Escritora premiada – vencedora do Goncourt, maior distinção literária francesa -, a franco-marroquina Leïla Slimani é autora de livros consagrados internacionalmente como “Canção de ninar” e “No jardim do ogro”. Para Lindsey, ela “mudou a paisagem intelectual e da elite literária” da França: “O estilo de sua prosa é tão acessível que a mensagem que ela quer comunicar às mulheres é muito rapidamente percebida, e seu sucesso se deve também graças a isso. Ela é feminista por suas ações e pelo que apoia moralmente por meio de sua escrita”.

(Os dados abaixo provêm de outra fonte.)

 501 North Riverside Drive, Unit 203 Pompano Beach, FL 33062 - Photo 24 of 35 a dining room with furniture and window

Sua mãe argelina se refugiou no Marrocos, e sua tia deixou a Argélia por causa de ameaças de decapitação por se recusar a usar o véu islâmico. Slimani lembra das adolescentes que viu certa vez na estação de trem de Casablanca, que foram estupradas, engravidadas e forçadas a sair de casa. “Estas jovens anônimas me devastaram e continuam a me assombrar, assim como as injustiças que sofreram”, conta. “Elas me transformaram em uma feminista”.

MARGOT LECARPENTIER

Em 2014, Margot Lecarpentier abandonou seu trabalho como assessora jurídica de gravadoras musicais para se aventurar na mixologia. Três anos depois, abriu seu próprio bar de coquetéis, o Combat, reivindicado como um local feminista, e que emprega apenas mulheres. “Queria que nos tornássemos muito mais do que um bar de coquetéis”, diz ela. “Apoiamos projetos feministas. Colaboramos com organizações e mulheres criativas que compartilham os mesmos valores e precisam de um lugar para trabalhar”.

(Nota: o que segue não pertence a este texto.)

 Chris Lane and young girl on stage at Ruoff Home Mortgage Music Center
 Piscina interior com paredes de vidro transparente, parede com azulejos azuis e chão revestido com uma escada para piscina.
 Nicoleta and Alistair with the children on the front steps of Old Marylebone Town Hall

Para Lindsey, além de empreendedora e talentosa na arte de elaborar coquetéis, Margot criou um espaço singular na capital francesa: “É um lugar em que as mulheres, e principalmente a comunidade queer, se sente à vontade e acolhida. Gosto de sua atitude face aos obstáculos que enfrentou para abrir sua empresa. A misoginia e os piores aspectos do patriarcado – entre advogados, arquitetos e bancos – tentaram obstruir seu caminho. E ela está aí hoje para dizer: ‘Sei como fazer e posso ajudar outras mulheres’. É um belo exemplo da sororidade que é preciso instaurar no mundo restauração”.

NIDA JANUSKIS

Nascida de uma família da Lituânia em Chicago, nos EUA, Nida Januskis é hoje dirigente executiva no INSEAD, Instituto Europeu de Administração de Empresas, classificado entre as mais importantes e influentes escolas de negócios do mundo. Lindsey a define como uma “mulher guerreira que quer poder tudo fazer, e faz com que funcione”: “No seio da INSEAD, ela defende que a igualdade entre homens e mulheres deve ser prioridade não apenas como tema de curso, mas também no funcionamento da instituição. É uma militante, e uma porta-voz da mensagem global dessa igualdade para o mundo dos negócios e da educação”.

Nida chegou em Paris com o marido e três filhos, e diz que a transição a um posto de liderança no INSEAD significou alcançar um tipo diferente de equilíbrio”: “O que estou tentando ensinar à minha equipe e aos meus filhos é que o equilíbrio entre a vida pessoal e profissional não é mais preocupação das mulheres do que dos homens. Minha esperança é que um dia, por meio de nossos esforços coletivos, a diversidade de gênero não seja mais motivo de debate”.